If, in the case of export transactions, certain measures are required at the place where the goods are located after delivery in order for the aforementioned retention of title or the assignment to become effective, the customer shall inform us of this and carry out such measures at his own expense. If, at the place where the goods are located after delivery, retention of title and/or the otherwise mentioned rights are not applicable, the customer shall do everything necessary at his own expense to provide us with the security rights to the delivered goods that are most similar to these rights.
4. Delivery and Services
In the interest of technical progress, we reserve the right to make changes in design and form up to the time of delivery, which, however, shall not unreasonably affect the interests of the Purchaser.

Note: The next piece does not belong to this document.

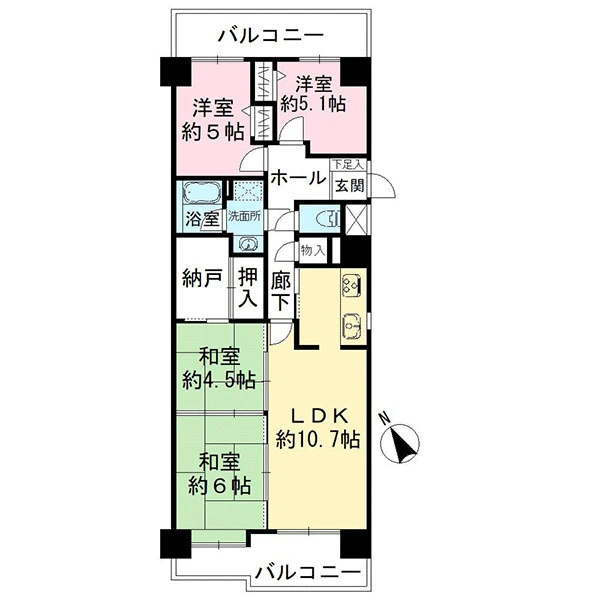 津田沼ハイライズ 間取図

Compliance with an agreed delivery period shall be conditional upon the Purchaser fulfilling its contractual obligations. The delivery period shall be deemed to have been complied with if the goods have left our works or notification of readiness for dispatch has been given by the time the delivery period expires. If we are responsible for exceeding a delivery deadline, the purchaser shall be entitled to withdraw from the contract after he has granted us a reasonable grace period in writing and this has expired unused. Claims for damages on the part of the purchaser are subject to the expiry of the period of grace. They are limited to the value of the delayed delivery. Further claims for damages shall only be considered if we can be accused of gross negligence. In the event of force majeure and other unforeseeable, extraordinary circumstances for which we are not responsible – e.g. difficulties in procuring materials, operational disruptions, strikes, lockouts, lack of means of transport, interventions by the authorities, power supply difficulties, etc. – even if they occur at our suppliers, the delivery period shall be extended to a reasonable extent if we are thereby prevented from fulfilling our obligations in a timely manner. We may fulfill orders in partial deliveries, each of which shall be paid for separately with the deadlines specified in No.6.
5. Warranty for Defects
If our goods are defective, including the absence of warranted characteristics, we undertake to repair the defective goods or to deliver replacement goods free of defects. The defective goods shall be sent to us free of charge upon request. Replaced goods shall become our property. Further warranty claims of the customer are not given. This also applies to claims for damages of any kind and regardless of the legal basis on which they are based. If it proves impossible or unsuccessful to remedy the defect, the customer shall have the right, at his discretion, to demand a reduction in the purchase price or, without further claims, in particular claims for damages, to demand rescission of the contract. Claims for damages by the customer arising from a positive breach of contract, from the breach of obligations during contract negotiations and from tort are excluded. This does not apply if liability is mandatory in cases of intent or gross negligence.
6. Terms of payment
Payments shall be made free of charge to our paying agent. Payments are to be made net within 30 days, unless otherwise agreed. In the event of late payment, we shall be entitled to charge interest on arrears without reminder at a rate of 4% above the respective discount rate of the German Bundesbank, but no less than 7%; we reserve the right to prove greater damage.
7. Place of jurisdiction
The exclusive place of jurisdiction for both parties is Wehingen. The legal relations with us shall be governed exclusively by the law of the Federal Republic of Germany.
8. Binding nature of the contract
The contract shall remain binding in its remaining parts even if individual points are legally invalid. This shall not apply if adherence to the contract would represent an unreasonable hardship for one party.